Nami was quoted as saying that the new ratio was communicated to FIRS by the Statistician-General of the Federation, Prince Adeyemi Adeniran, on May 25.
Nami said that the figure followed a joint review by the Nigerian Bureau of Statistics (NBS), in collaboration with the Federal Ministry of Finance and the FIRS, using data from 2010 to 2021.
Tax-to-GDP ratio is a measure of a nation’s tax revenue relative to the size of her economy as measured by Gross Domestic Product (GDP).
The ratio is a useful tool for assessing a country’s tax system and highlighting its tax potentials relative to the size of the economy.
Nami, explained that sources which previously computed Nigeria’s tax-to-GDP ratio at between five per cent and six per cent did not consider tax revenue accruing to other government agencies.
“Particularly, revenues collected by agencies other than the FIRS, Customs and States Internal Revenue Service were excluded.
“This situation was peculiar to Nigeria as most other countries operate harmonised tax system with single-point tax revenue reporting.
“As such, all relevant tax revenues are included in the computation of the tax-to-GDP ratio.
“Nigeria’s tax-to-GDP ratio, which in the last 12 years, hovered between five per cent to six per cent rose to 10.86 per cent by the end of 2021.
“The revision took into account revenue items hitherto not previously included in the computations; particularly, relevant revenue collected by other agencies of government,’’ Nami said.
He further said that to correctly state the tax-to-GDP ratio, the FIRS initiated a review and re-computation of the ratio for 2010 to 2021.
“In recomputing the ratio, key indicators that were previously left out were taken into account.
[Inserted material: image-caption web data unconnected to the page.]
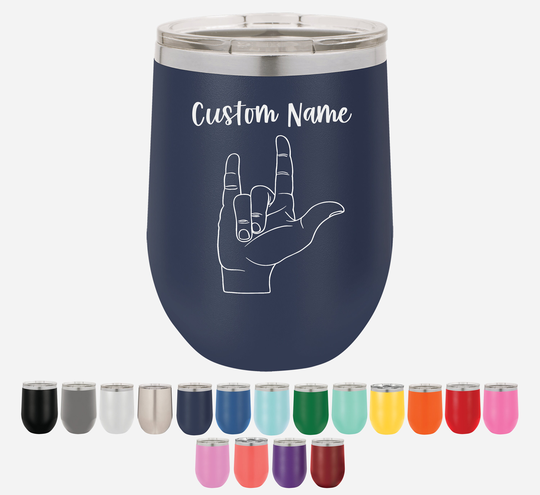 I Love You Sign With Custom Name, Personalized Asl Language Laser Engraved Tumbler Gift, Stainless Steel Insulated Wine Coffee Cup, Lid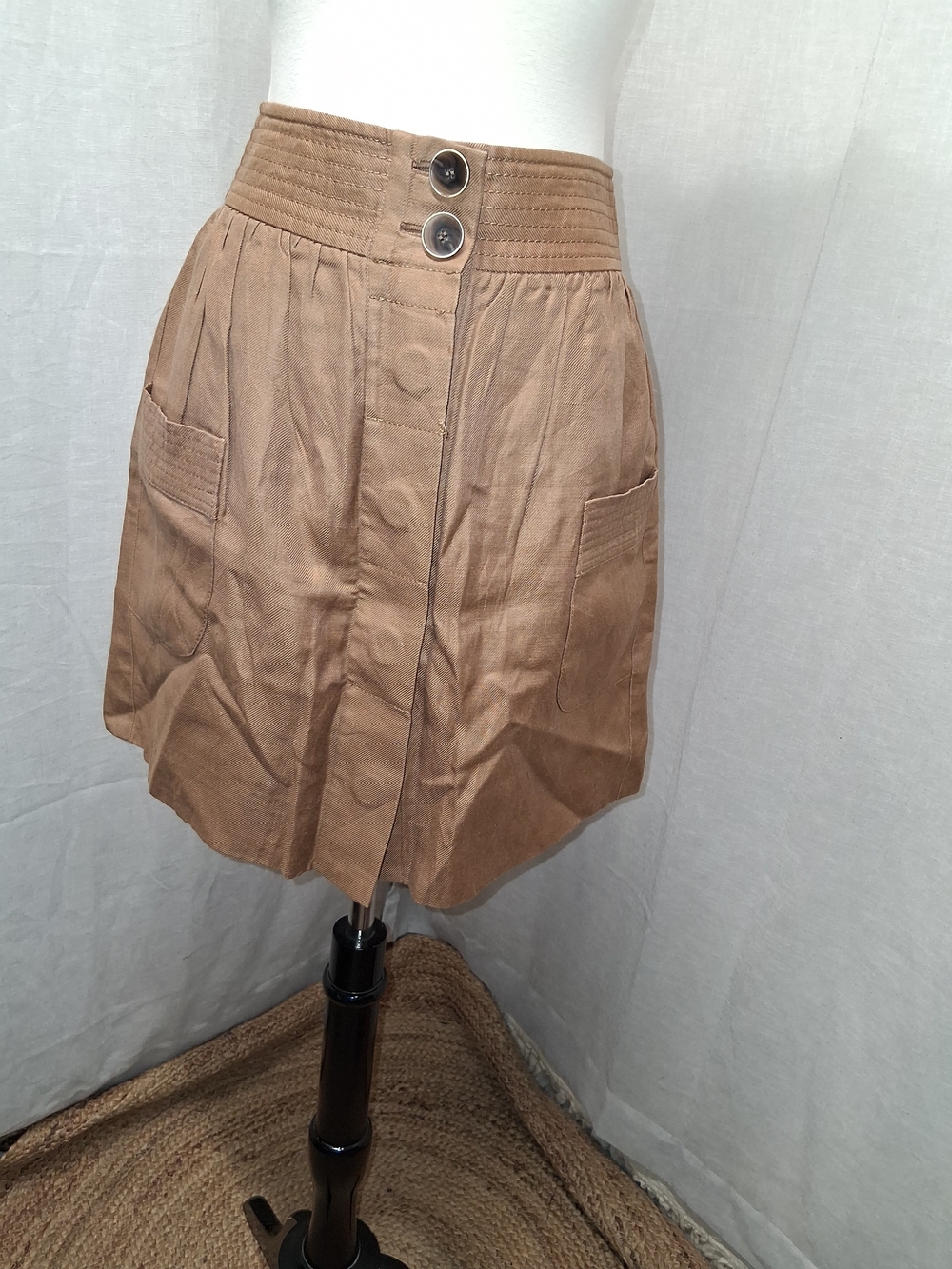 J. Crew Tan High-Waist Mini Skirt with Front Pockets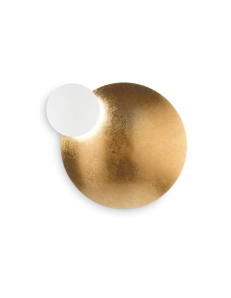 Eclissi applique big led 28watt foglia oro rotonda moderna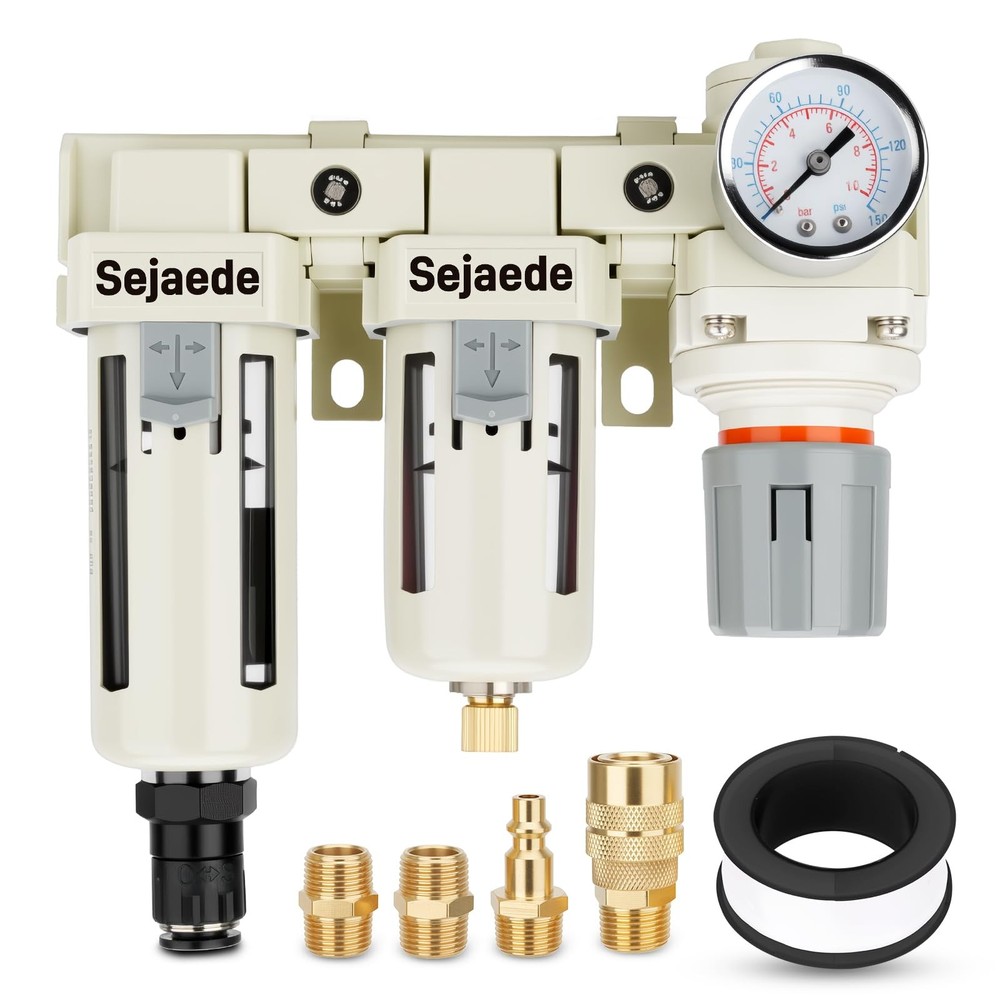 3/8″ NPT Air Compressor Filter Regulator W/ 2-Stage Auto & Semi-Auto Drain Dryer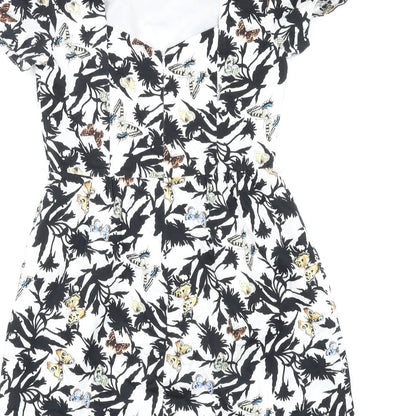 Oasis Womens Multicoloured Geometric Cotton Shift Size 8 Round Neck Zip - Butterfly Print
This resulted into a revised tax-to-GDP ratio of 10.86 per cent for 2021 as against six per cent hitherto reported,” the FIRS boss said.
He said that that Nigeria’s tax-to-GDP ratio should be higher than 10.86 per cent but for certain economic and fiscal policy factors, including tax waivers and leakages occasioned by the country’s fragmented tax system.
“It is important to note that the tax-to-GDP ratio for Nigeria should be higher, but for the impact of tax waivers contained in our various tax laws including exemptions to Micro, Small and Medium Enterprises brought in by Finance Act, 2019.
“Others are low tax morale, leakages occasioned by the country’s fragmented tax system and the impact of the rebasing of the GDP in 2014,” he said.
Nami urged the government to consider reviewing its policies on tax waivers thereby guarantying increased revenue to prosecute its programmes and positively move the needle of the country’s tax-to-GDP ratio.